Впервые опубликовано в Contemporary Review, апрель 1885
Нет для человека большего разочарования, чем увидеть подноготную и механизмы любого искусства. Все наши искусства и занятия лежат на поверхности – именно на ней мы и воспринимаем их красоту, гармонию и смысл; но стоит заглянуть внутрь, как нас начинает пугать их пустота и поражает грубость тех «шнуров и верёвок», на которых всё держится. Похожим образом и сама психология, если углубиться слишком далеко, оборачивается отталкивающей схематичностью, однако чаще всего это не столько порок ума, сколько недостаток нашего анализа. Возможно, то же самое и в эстетике: открытия, которые, кажется, губят всю «высоту» искусства, губительны нам ровно в меру нашего незнания. А те сознательные или бессознательные приёмы, в которых мы готовы усмотреть нечто недостойное серьёзного художника, могли бы – умей мы проследить их до самых глубин, – стать доказательством гораздо более тонкого восприятия и отголоском исконных «гармоний» в самой природе. Но подобное невежество в основном неисправимо. Мы никогда не узнаем, как именно связаны между собой разные проявления красоты: всё это спрятано слишком глубоко в самой природе и уходит корнями в туманные древности истории человечества. Поэтому любителя всегда будет коробить, когда ему раскрывают секреты мастерства, – секреты, которые можно лишь описать, но нельзя полностью объяснить. Более того, как сказано в «Хадибрасе», «Тем сильней рукоплещут искусству, Чем меньше его понимают», многие и впрямь, узнав новый приём, чувствуют, будто их радость от соприкосновения с прекрасным померкла. Хочу, значит, сразу предупредить «широкого читателя», что я пустился тут в занятие, крайне ему неприятное: словно снимаю картину со стены и разглядываю оборот, как любопытный ребёнок, разбираю музыкальную шкатулку по винтикам.
Искусство литературы стоит несколько особняком от других сестёр, потому что материал, с которым работает писатель, – это наша обиходная речь. Отсюда, с одной стороны, непосредственность и живая новизна: ведь читатель уже «настроен» понимать эти слова. Но отсюда же – и особое ограничение. В других видах искусства сырьё и пластичнее, и податливее – как глина в руках скульптора. Литературе же приходится трудиться словно мозаи́сту, выкладывая тексты из отдельных готовых «кусочков» – жёстких слов с фиксированной формой и смыслом.
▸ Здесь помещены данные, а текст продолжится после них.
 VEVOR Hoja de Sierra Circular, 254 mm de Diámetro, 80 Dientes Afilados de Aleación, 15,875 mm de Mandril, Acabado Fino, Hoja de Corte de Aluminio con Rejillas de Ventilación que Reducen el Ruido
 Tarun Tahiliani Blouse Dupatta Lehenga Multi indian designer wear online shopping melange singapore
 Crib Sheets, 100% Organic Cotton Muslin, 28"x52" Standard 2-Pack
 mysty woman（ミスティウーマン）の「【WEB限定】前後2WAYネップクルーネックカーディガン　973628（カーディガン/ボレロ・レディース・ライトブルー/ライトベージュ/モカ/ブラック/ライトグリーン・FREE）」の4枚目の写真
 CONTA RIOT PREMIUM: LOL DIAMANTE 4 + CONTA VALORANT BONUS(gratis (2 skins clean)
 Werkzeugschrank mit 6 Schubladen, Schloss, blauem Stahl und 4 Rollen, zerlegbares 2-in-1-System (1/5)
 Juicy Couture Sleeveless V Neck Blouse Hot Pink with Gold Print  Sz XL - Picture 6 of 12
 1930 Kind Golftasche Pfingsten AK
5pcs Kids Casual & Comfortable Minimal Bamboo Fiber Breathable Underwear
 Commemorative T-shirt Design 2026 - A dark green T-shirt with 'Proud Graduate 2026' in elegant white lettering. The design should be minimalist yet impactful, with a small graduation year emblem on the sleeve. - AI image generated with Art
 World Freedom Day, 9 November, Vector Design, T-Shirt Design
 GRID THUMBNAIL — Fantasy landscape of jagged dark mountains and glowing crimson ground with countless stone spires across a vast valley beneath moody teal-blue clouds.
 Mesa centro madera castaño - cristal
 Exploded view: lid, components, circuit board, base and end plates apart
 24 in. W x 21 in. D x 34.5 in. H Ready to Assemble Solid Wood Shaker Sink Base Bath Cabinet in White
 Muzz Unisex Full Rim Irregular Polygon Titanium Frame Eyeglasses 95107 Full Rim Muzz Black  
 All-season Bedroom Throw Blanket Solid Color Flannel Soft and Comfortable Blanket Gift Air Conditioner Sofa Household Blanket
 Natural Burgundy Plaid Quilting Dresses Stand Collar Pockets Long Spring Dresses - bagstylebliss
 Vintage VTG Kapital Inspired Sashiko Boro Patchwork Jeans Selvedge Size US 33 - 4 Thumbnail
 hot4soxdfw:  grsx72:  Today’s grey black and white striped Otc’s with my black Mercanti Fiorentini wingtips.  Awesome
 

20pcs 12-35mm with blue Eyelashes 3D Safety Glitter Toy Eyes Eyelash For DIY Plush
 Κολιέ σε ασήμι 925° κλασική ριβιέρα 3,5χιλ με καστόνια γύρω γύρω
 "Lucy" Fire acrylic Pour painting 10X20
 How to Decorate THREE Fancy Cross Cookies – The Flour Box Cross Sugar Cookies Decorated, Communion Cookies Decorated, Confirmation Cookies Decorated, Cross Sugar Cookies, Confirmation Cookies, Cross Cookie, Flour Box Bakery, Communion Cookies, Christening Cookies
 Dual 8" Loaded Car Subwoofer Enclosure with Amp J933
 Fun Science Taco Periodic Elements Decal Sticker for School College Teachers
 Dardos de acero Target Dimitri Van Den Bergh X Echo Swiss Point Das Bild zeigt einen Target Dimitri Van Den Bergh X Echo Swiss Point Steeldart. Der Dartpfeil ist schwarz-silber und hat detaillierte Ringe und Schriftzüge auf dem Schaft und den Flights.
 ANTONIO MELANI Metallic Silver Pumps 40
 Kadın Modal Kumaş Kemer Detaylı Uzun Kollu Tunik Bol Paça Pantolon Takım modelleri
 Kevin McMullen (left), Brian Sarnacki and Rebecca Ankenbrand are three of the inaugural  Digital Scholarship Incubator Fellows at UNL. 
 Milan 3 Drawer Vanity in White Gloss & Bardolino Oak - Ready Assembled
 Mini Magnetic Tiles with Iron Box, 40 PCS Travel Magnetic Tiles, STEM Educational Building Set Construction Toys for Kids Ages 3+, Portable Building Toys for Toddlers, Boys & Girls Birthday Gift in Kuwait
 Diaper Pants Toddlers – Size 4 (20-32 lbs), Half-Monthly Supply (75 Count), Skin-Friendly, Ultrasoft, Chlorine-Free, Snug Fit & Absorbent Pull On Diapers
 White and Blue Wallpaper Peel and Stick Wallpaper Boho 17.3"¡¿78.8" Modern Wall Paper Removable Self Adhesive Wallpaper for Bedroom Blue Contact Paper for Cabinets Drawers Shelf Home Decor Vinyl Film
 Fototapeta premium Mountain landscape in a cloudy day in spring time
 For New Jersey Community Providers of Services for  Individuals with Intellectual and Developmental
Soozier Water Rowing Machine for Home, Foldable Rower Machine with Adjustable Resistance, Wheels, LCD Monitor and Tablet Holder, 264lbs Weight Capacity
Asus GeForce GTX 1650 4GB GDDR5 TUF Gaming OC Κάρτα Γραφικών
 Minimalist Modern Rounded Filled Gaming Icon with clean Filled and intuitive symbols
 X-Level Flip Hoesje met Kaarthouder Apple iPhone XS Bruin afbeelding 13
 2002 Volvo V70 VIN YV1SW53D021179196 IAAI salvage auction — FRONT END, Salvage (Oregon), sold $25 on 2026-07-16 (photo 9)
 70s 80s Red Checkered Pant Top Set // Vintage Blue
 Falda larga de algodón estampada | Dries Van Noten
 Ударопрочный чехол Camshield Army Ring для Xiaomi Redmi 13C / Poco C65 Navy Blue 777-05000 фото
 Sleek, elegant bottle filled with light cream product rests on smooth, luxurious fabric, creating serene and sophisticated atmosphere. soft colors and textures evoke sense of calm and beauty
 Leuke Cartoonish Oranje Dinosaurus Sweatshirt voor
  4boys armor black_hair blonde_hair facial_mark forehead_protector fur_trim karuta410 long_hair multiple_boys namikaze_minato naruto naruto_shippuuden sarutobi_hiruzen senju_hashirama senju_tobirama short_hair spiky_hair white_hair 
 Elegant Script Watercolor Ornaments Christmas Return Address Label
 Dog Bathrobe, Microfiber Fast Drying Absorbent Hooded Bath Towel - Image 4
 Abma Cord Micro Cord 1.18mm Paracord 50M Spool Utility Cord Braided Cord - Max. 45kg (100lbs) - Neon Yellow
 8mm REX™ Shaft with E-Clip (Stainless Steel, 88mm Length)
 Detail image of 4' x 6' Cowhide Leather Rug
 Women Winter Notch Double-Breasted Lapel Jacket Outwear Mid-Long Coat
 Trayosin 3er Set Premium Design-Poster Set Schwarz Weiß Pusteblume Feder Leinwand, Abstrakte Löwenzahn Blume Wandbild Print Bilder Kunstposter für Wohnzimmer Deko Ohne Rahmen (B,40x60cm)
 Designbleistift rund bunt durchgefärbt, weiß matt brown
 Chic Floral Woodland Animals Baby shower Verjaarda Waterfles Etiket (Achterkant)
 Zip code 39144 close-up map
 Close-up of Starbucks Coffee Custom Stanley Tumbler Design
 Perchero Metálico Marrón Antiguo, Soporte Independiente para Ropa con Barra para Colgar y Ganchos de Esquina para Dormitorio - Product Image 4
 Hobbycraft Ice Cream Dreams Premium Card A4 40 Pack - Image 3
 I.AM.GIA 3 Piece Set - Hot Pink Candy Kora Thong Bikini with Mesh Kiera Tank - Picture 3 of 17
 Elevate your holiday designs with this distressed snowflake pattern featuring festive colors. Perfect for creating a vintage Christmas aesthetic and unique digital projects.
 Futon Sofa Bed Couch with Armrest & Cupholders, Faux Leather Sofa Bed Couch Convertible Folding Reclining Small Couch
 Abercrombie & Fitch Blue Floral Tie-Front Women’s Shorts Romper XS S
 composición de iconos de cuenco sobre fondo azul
Вы, наверное, видели детские кубики – один в виде колонны, другой напоминает фронтон, третий – окошко или вазу. Примерно такими же разнокалиберными и «негнущимися» блоками приходится располагать в тексте писателю, возводя свой «дворец искусства». Но и это ещё не всё: раз эти «блоки», иначе говоря, слова, – признанная валюта нашей повседневной жизни, то в литературе невозможно прибегнуть к таким пропускам, недосказанности и умолчаниям, которые так часто помогают другим видам искусства достичь выразительности, плавности и силы. В живописи есть условные знаки и неявные мазки; в архитектуре – монолитные глухие стены. Здесь же каждое слово, каждая фраза, каждое предложение и даже абзац должны разворачиваться строго и логично и нести вполне определённый, принятый в языке смысл.